### DATA SECTION ###
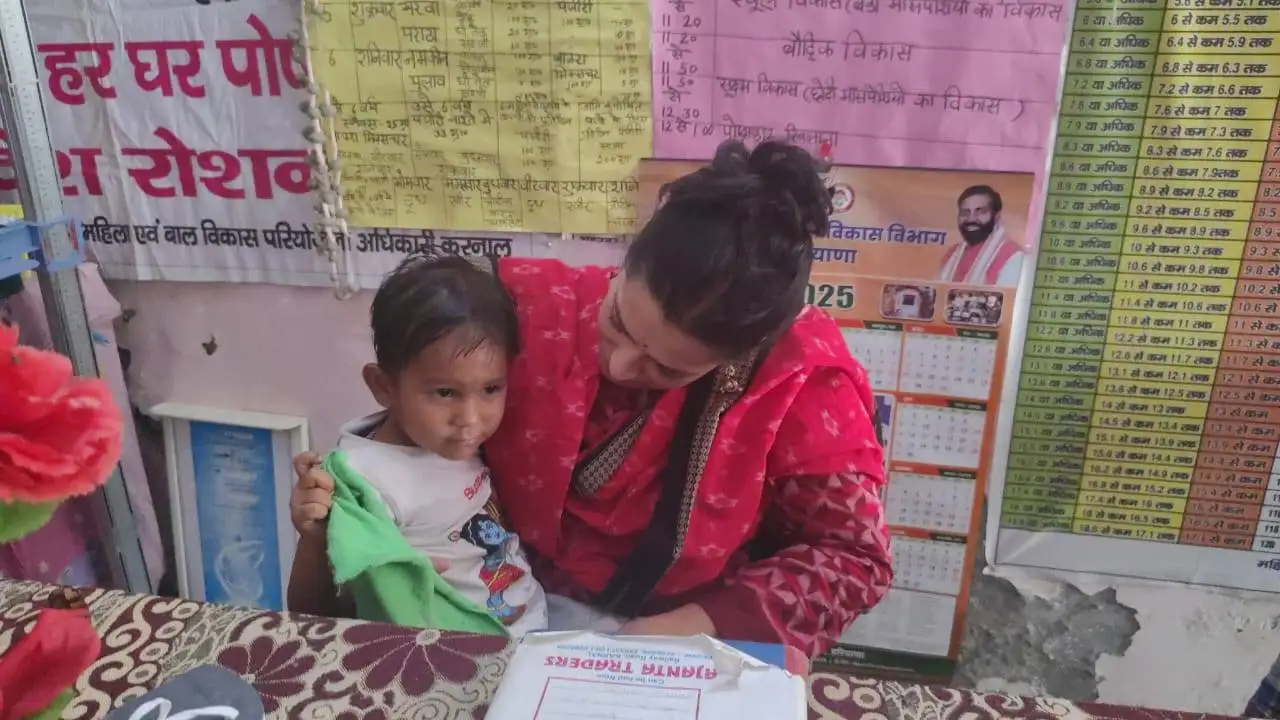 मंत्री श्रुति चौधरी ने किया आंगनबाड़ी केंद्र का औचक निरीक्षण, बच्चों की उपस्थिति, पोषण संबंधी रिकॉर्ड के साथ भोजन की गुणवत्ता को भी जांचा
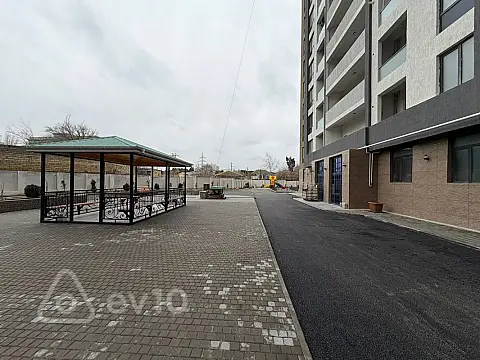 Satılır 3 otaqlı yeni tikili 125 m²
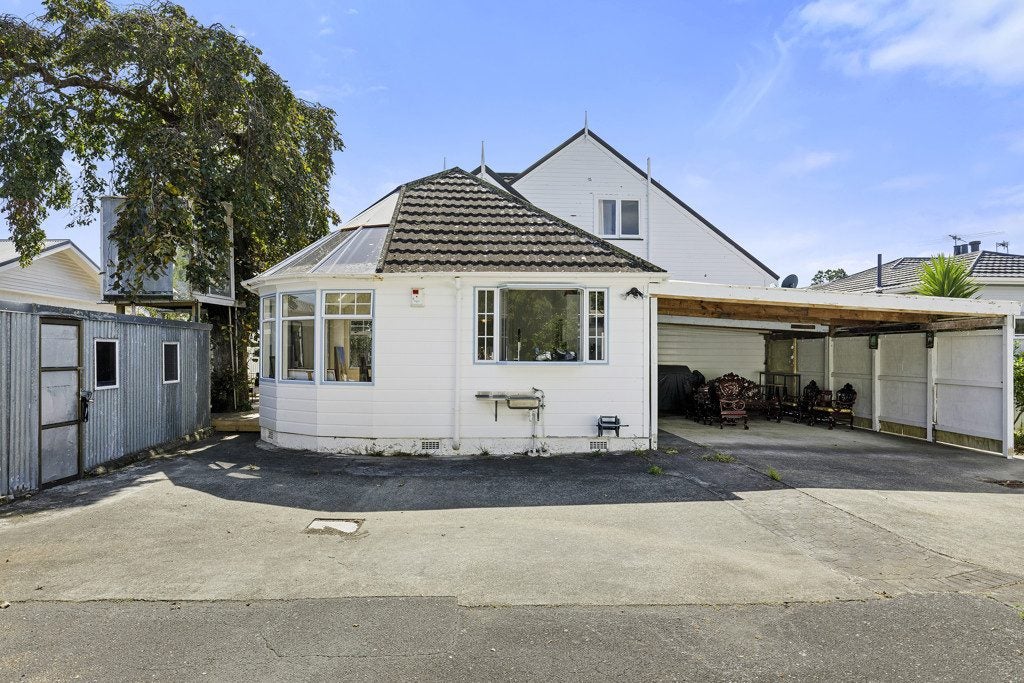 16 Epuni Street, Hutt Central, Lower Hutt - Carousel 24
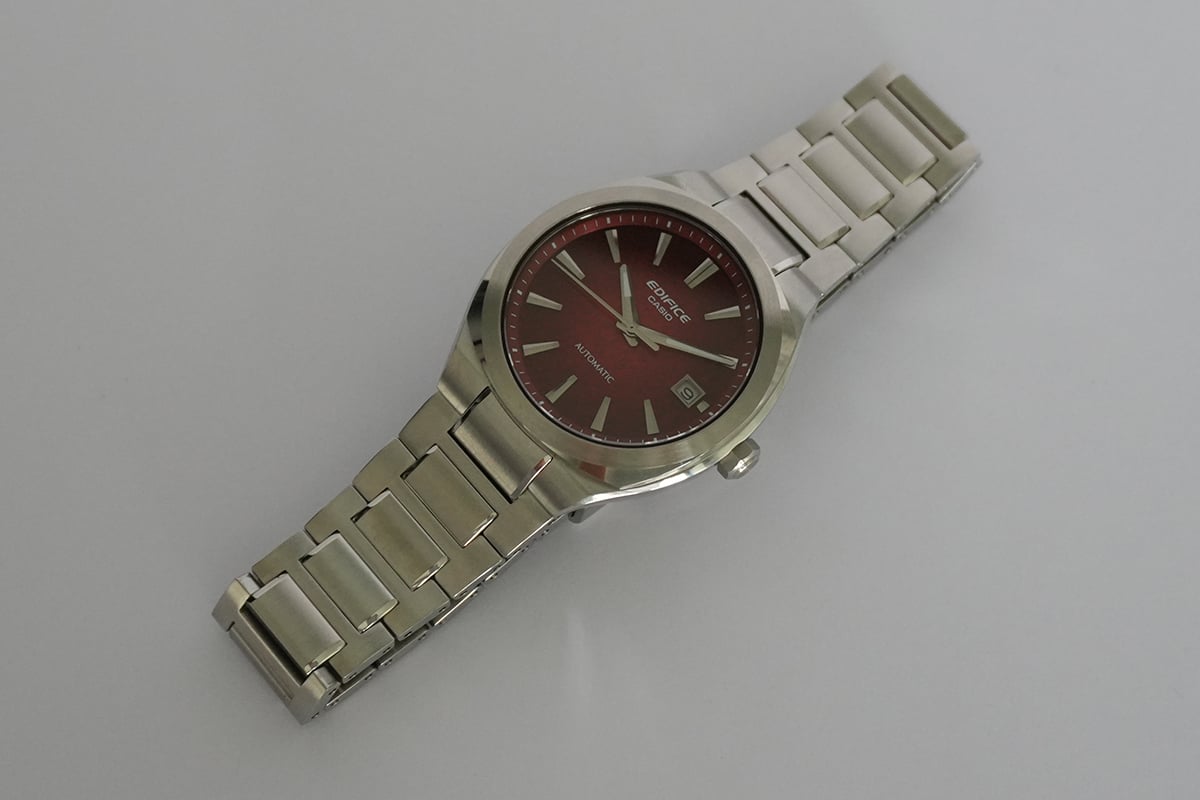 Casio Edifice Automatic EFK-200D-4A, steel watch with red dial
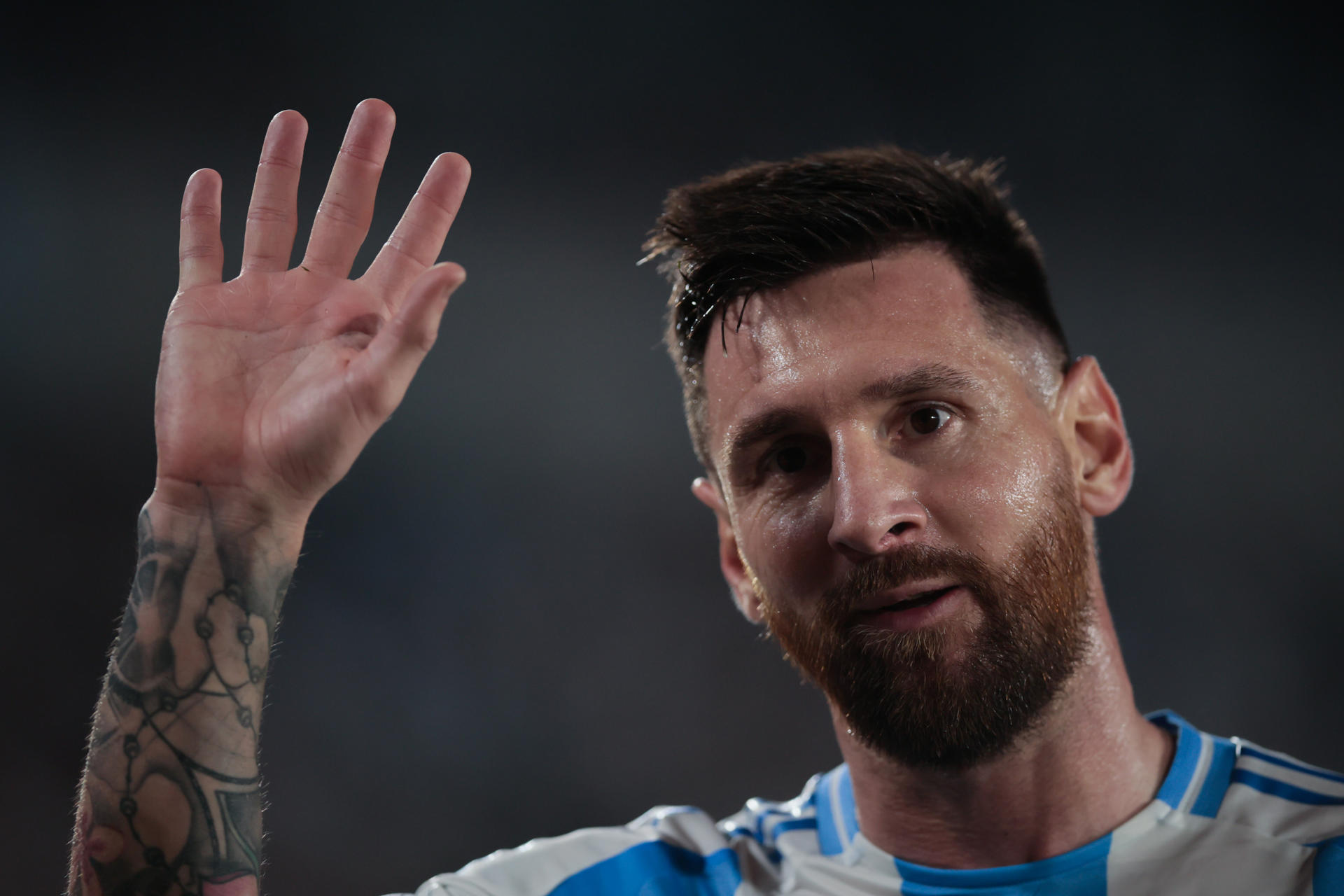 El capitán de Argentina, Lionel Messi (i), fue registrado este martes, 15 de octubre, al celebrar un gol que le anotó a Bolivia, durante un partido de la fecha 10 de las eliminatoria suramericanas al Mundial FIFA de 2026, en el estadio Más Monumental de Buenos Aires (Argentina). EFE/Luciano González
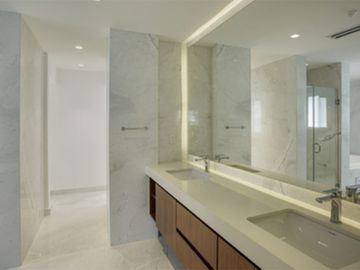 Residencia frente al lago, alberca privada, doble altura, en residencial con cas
###
Could you return, word for word, every line from the line with "16 Epuni Street, Hutt" through the last line of the listing above, both ends included, without any pictures?

 16 Epuni Street, Hutt Central, Lower Hutt - Carousel 24
 Casio Edifice Automatic EFK-200D-4A, steel watch with red dial
 El capitán de Argentina, Lionel Messi (i), fue registrado este martes, 15 de octubre, al celebrar un gol que le anotó a Bolivia, durante un partido de la fecha 10 de las eliminatoria suramericanas al Mundial FIFA de 2026, en el estadio Más Monumental de Buenos Aires (Argentina). EFE/Luciano González
 Residencia frente al lago, alberca privada, doble altura, en residencial con cas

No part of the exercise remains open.